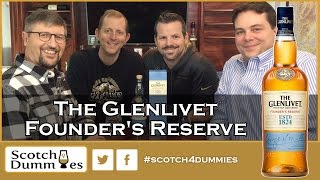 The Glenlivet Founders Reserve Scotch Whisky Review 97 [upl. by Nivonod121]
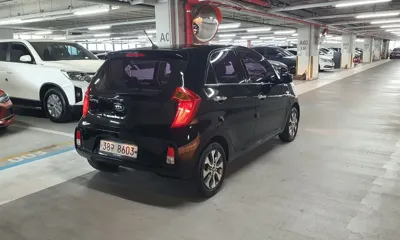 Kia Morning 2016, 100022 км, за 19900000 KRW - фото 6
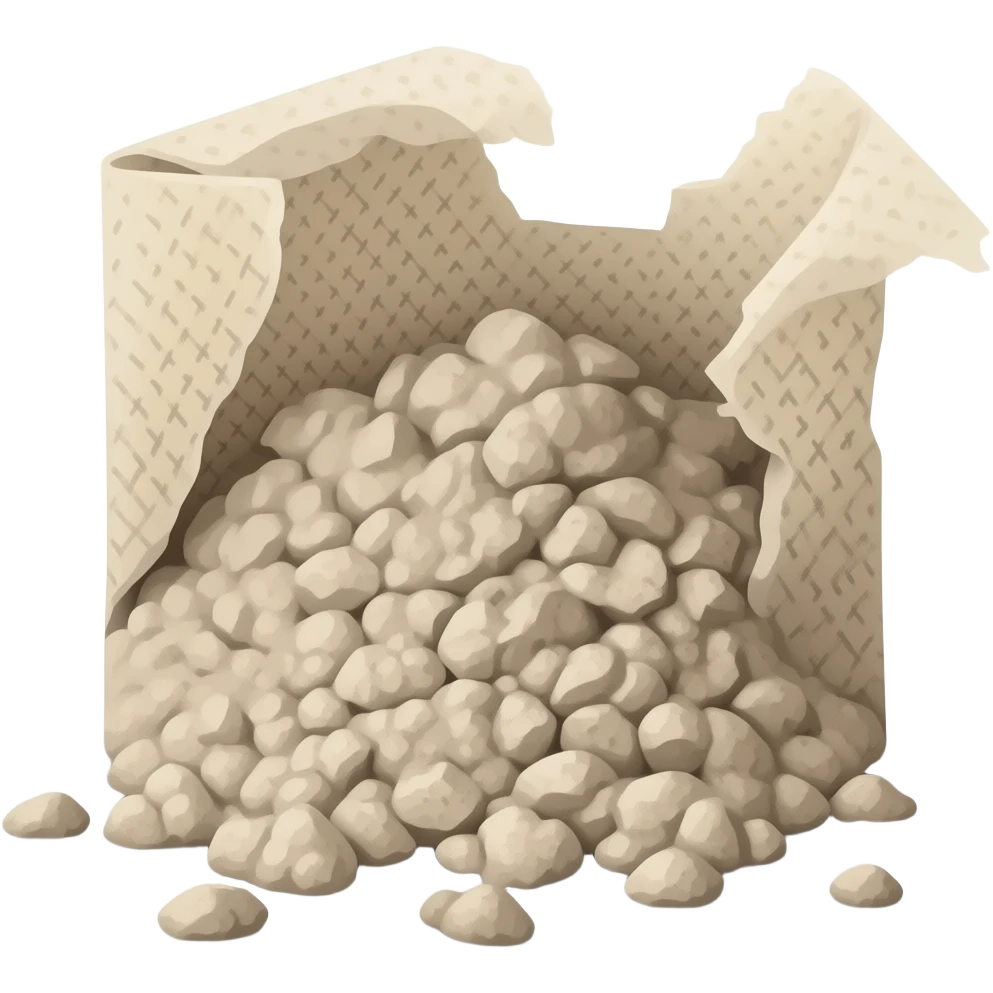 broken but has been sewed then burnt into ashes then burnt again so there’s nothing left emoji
◆ ◆ ◆ ◆ ◆
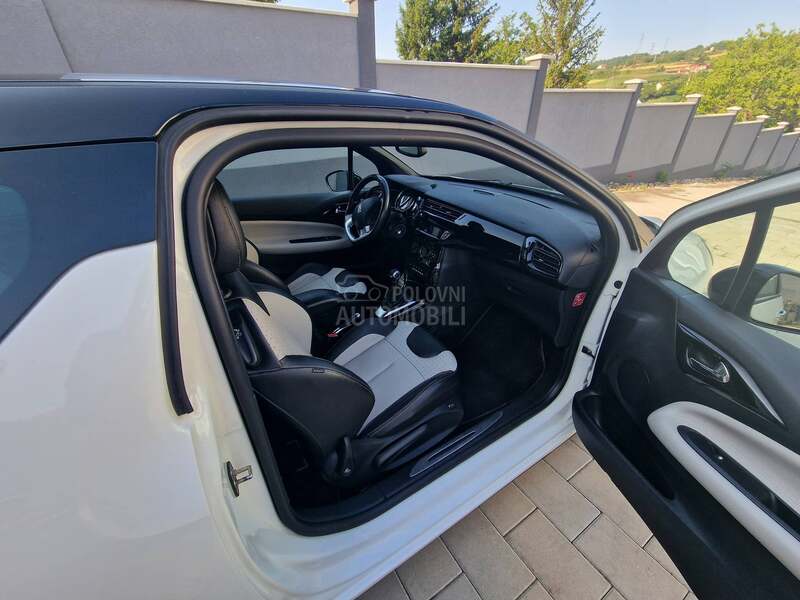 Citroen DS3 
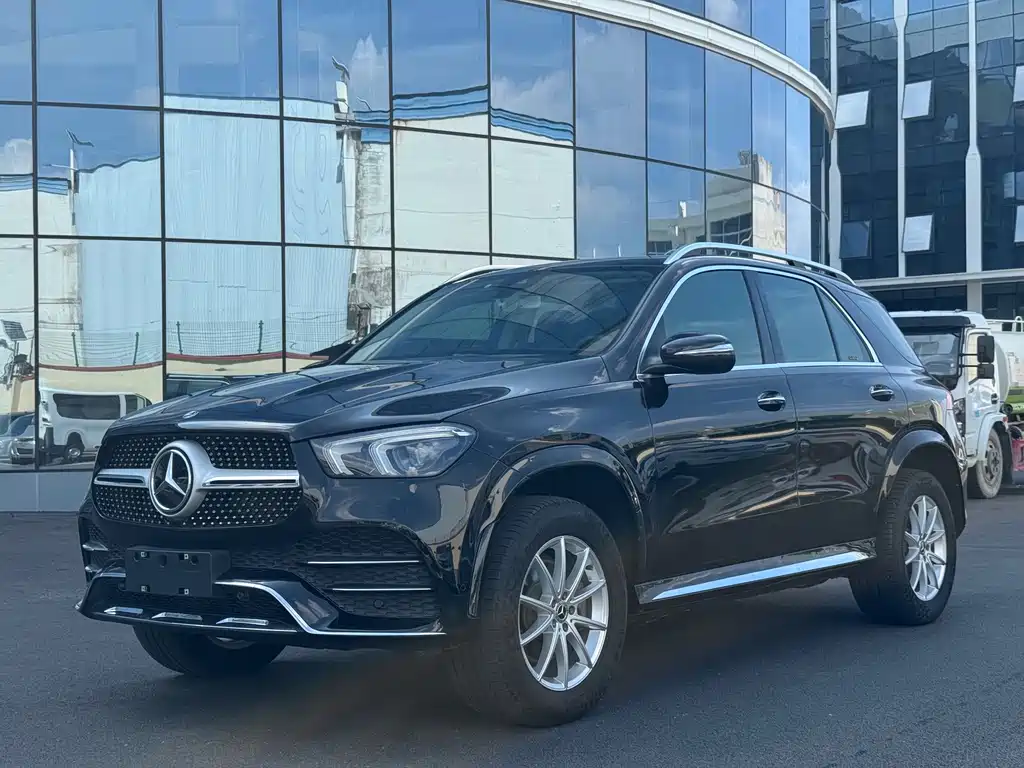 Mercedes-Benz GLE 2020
◆ ◆ ◆ ◆ ◆
* [Exercise brief]
Range to copy from the listing above: the line containing "The Glenlivet Founders" down to the line containing "broken but has", both included. Reproduce it exactly, minus the pictures, and add nothing.

* [The completed task]
 The Glenlivet Founders Reserve Scotch Whisky Review 97 [upl. by Nivonod121]
 Kia Morning 2016, 100022 км, за 19900000 KRW - фото 6
 broken but has been sewed then burnt into ashes then burnt again so there’s nothing left emoji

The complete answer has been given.